4 barriers hindering your digital transformation

According to our research, marketers have identified three of the most important components of a successful digital transformation:

  • having a data-driven strategy
  • correctly selected technologies for the company’s infrastructure
  • defining your strategy for cultural transformation.

All companies are different, each has its ambitions and business development plans. But there are several common barriers that companies face at different stages of their transition to the digital plane.

External uncertainty should not lead to inaction

Every second marketer perceives the growth of competition as a barrier to improving customer relations. One in three thinks the barrier is data protection regulation. And every fourth is afraid of the so-called fragmentation of media – when the user has a huge number of channels of information consumption.

And when you add in the uncertainties of the geopolitical future and heightened consumer control, companies can become indecisive and inactive. Transformation processes can only be completed if management is focused on the cause of the transformation and has a clear plan for change for all stakeholders.

Disunity leads to chaos

Digital transformation usually requires revising processes and reorganizing positions to introduce new features into existing marketing. Often digital is introduced as an independent unit in the existing infrastructure, and there is no understanding of how to change the existing processes and culture.

Organizations also need to be careful about outsourcing digital expertise to positions leading business transformation. Why does it happen? The point is that transformation requires a deep dive into the business and strong management skills for effective business-wide solutions.

One in five marketers recognizes internal collaboration as one of the most challenging tasks, so communicating effectively across departments has never been more important.

No real-time assessment no progress

80% of marketers want to take on more responsibility for product and service innovation in the coming years. But it’s important to remember that the absence of a reliable system for measuring results is almost always a guarantee of failure, especially for pilot projects and innovations. Businesses need proven success to scale new practices. Otherwise, there is a risk of ending up in an endless stream of experiments that lead nowhere.

In addition to the assessment tools, this is where developed processes and culture facilitate the adoption of new ways of running the business and transforming them into new working practices, to ultimately influence markets on a large scale.

Manufacturability is not the key to success

Technology can certainly drive digital transformation, but it should never be the strategy itself.

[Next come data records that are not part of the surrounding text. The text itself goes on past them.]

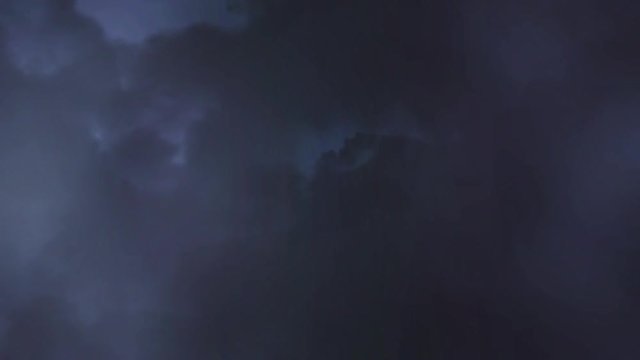 Stormy night sky with flashes of lightning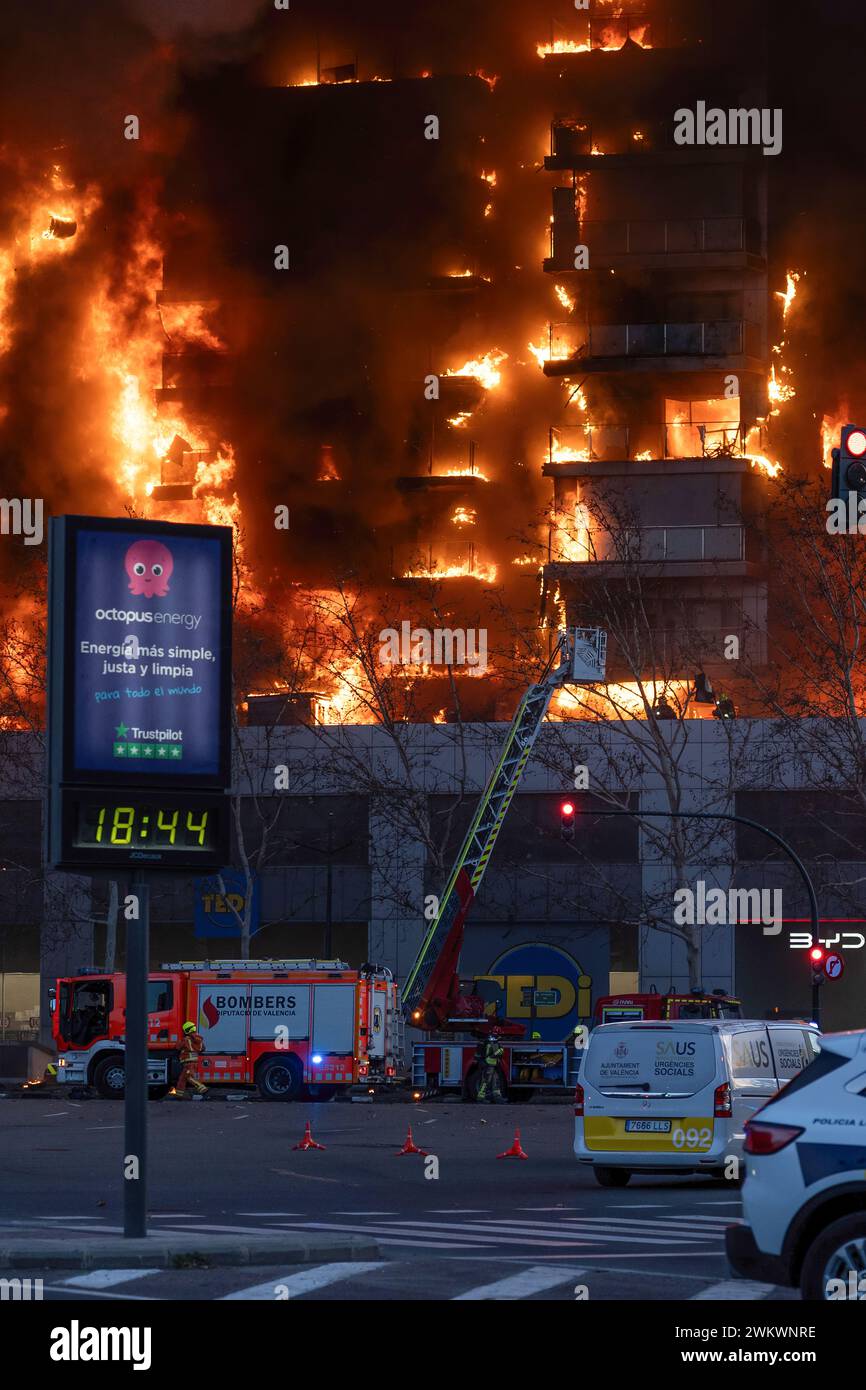 Valencia, Spanien - 22. Februar 2024: Eine Gruppe von Feuerwehrleuten entkommt einem großen Brand in einem Wohngebäude durch die Leiter des Lastwagens in der Stadt Stockfoto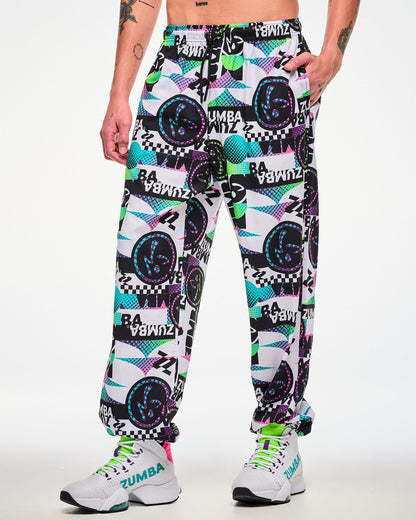 Male model wearing white track pants with an all-over abstract pattern of shapes and Zumbito logos in black, aqua, pink, and green, and black and white "ZUMBA" text, hand in the pocket, paired with white sneakers.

Before investing in technology, companies need to have a clear understanding of their business goals, the role of digital technology in the chosen go-to-market model, and the various implications for the organization.

This is especially important for leaders who decide to develop and use their technologies, for example, to activate marketing. They should take into account many other aspects, for example, hiring the necessary specialists, negotiating profitable partnerships with platforms, qualifying the technical team.

It is usually important to conduct a detailed analysis covering the customer experience, potential return on investment, impact on the organization as a whole, and change management.